— WORK REQUEST —
Repeat only the lines from the one that contains "1208 Country Place Drive - Photo 3" through the final line of the listing below, exactly, please, without pictures.

— SUPPLIED RECORDS —
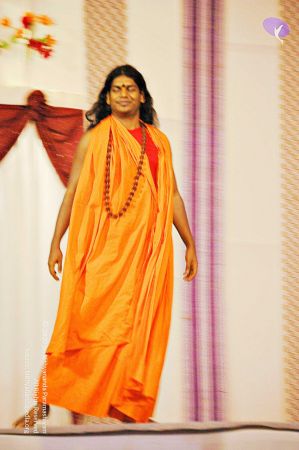 20071213 Photo 508 1ik62kRDmMUX7heBkpT6cQtAfrL-KHWbB.jpg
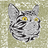 MIKS emblem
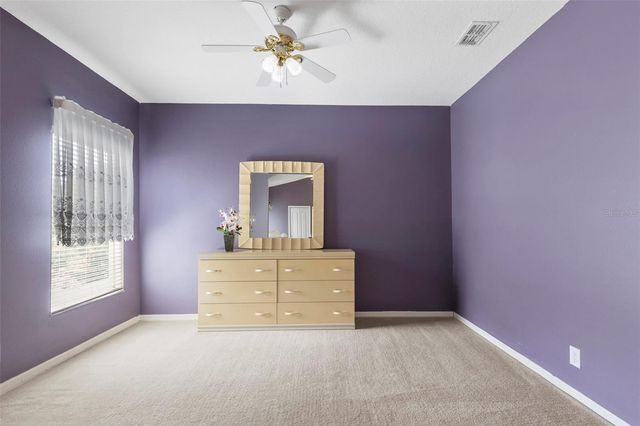 17823 ARBOR CREEK DRIVE, Tampa, FL 33647
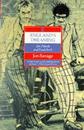 England'S Dreaming-Trade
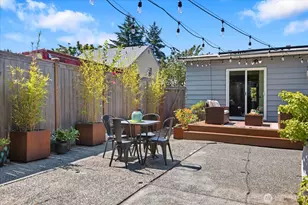 11044 26th Ave SW, Seattle, WA 98146 - Photo 21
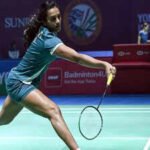 Singapore Open: PV Sindhu, Satwik-Chirag move into second round; Ayush Shetty crashes out | Badminton News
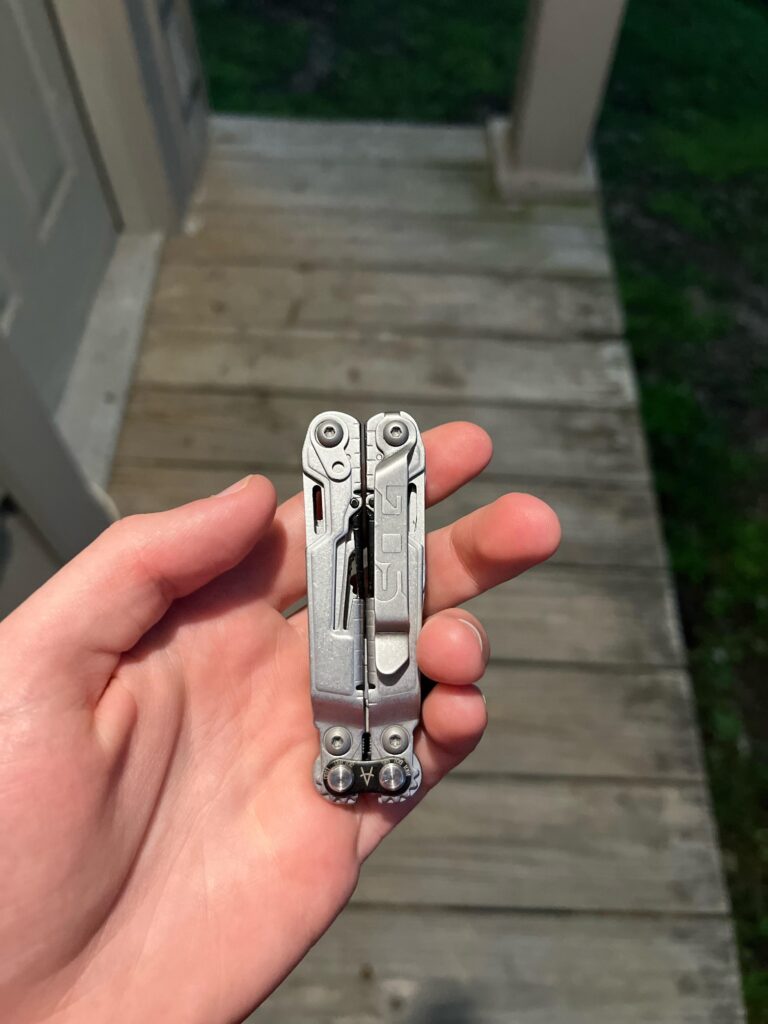 New SOG PowerPint! 😎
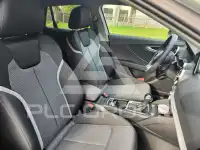 2024 Audi Q2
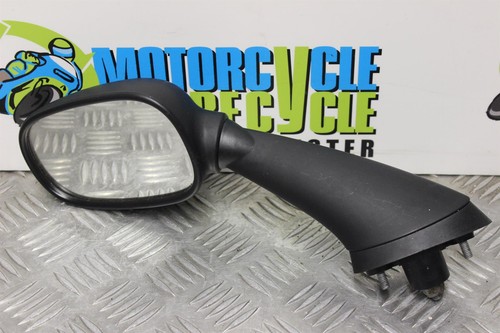 Bmw 1200 mirror - bmw, gt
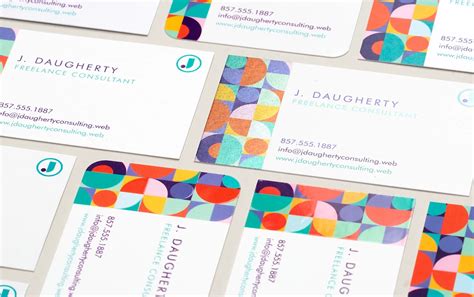 Card Printing 的图像结果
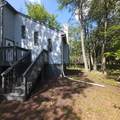 1208 Country Place Drive - Photo 3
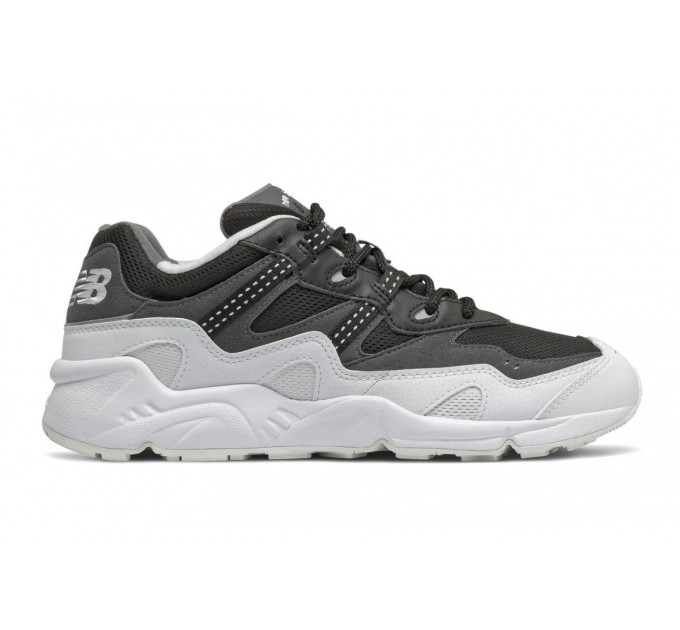 Кросівки New Balance 850 ML850SBA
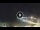 Webcam in Los Gigantes (Tenerife), 4.7 km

— EXERCISE SOLUTION —
 1208 Country Place Drive - Photo 3
 Кросівки New Balance 850 ML850SBA
 Webcam in Los Gigantes (Tenerife), 4.7 km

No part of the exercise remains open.